O Primeiro Sermão - Sete sermões aos mortos
Excerto do livro "A Gnose de Jung e os Setes
Sermões aos Mortos", Stephan A. Hoeller, Editora Cultrix:
O Primeiro Sermão
"Os mortos retornaram de
Jerusalém, onde não encontraram o que buscavam. Eles pediram para ser admitidos
à minha presença e exigiram ser por mim instruídos; assim, eu os instruí:
Ouvi: Eu começo com nada. Nada é o
mesmo que plenitude. No estado de infinito, plenitude é o mesmo que vazio. O
Nada é ao mesmo tempo vazio e pleno. Pode-se também afirmar alguma outra coisa
a respeito do nada, ou seja, que é branco ou negro, existente ou inexistente.
Aquilo que é infinito e eterno não possui qualidades porque contém todas as
qualidades.
O Nada ou plenitude é por nós chamado
de o PLEROMA. Nele, pensamento e existência cessam, porque o eterno é
desprovido de qualidades. Nele, não existe ninguém, porque se existisse alguém,
este então se diferenciaria do Pleroma e possuiria qualidades que o
distinguiriam do Pleroma.
No Pleroma não existe nada e existe
tudo: não é bom pensar sobre o Pleroma, pois fazê-lo significaria dissolução.
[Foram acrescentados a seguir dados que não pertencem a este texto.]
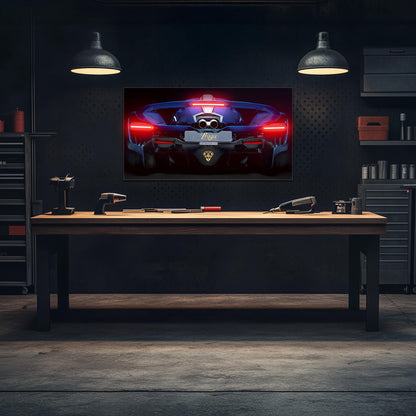 Supercar Rear View Neon Wall Art – LED Garage Decor – Gift for Car Enthusiasts – Man Cave Wall Sign – Luxury Car Poster – Free Shipping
O MUNDO CRIADO não está no Pleroma,
mas em si mesmo. O Pleroma é o princípio e o fim do mundo criado. O Pleroma
penetra o mundo criado como a luz solar penetra toda a atmosfera. Embora o
Pleroma penetre-o por completo, o mundo criado, não participa dele, da mesma
forma que um corpo sumamente transparente não se torna, escuro ou colorido como
resultado da passagem da luz por ele. Nós mesmos, no entanto, somos o Pleroma e
assim sendo, o Pleroma está presente em nós. Mesmo no ponto mais minúsculo, o
Pleroma está presente sem limite algum, eterna e completamente, porque pequeno
e grande são qualidades estranhas ao Pleroma. Ele é o nada onipresente,
completo e infinito. Eis por que vos falo do mundo criado como uma porção do
Pleroma, mas unicamente em sentido alegórico; pois o Pleroma não se divide em
partes, por ser nada. Somos também o Pleroma como um todo; visto que num
aspecto figurativo o Pleroma é um ponto excessivamente pequeno, hipotético,
quase inexistente em nós, sendo igualmente o firmamento ilimitado do cosmo à
nossa volta. Por que então discorremos sobre o Pleroma, se Le é o todo e também
o nada?
Eu dele vos falo como ponto de
partida, e também para eliminar de vós a ilusão de que em algum lugar, dentro
ou fora, existe algo absolutamente sólido e definitivo. Tudo o que chamam de
definido e sólido não é mais do que relativo, porque somente o que está sujeito
a mudança apresenta-se definido e sólido.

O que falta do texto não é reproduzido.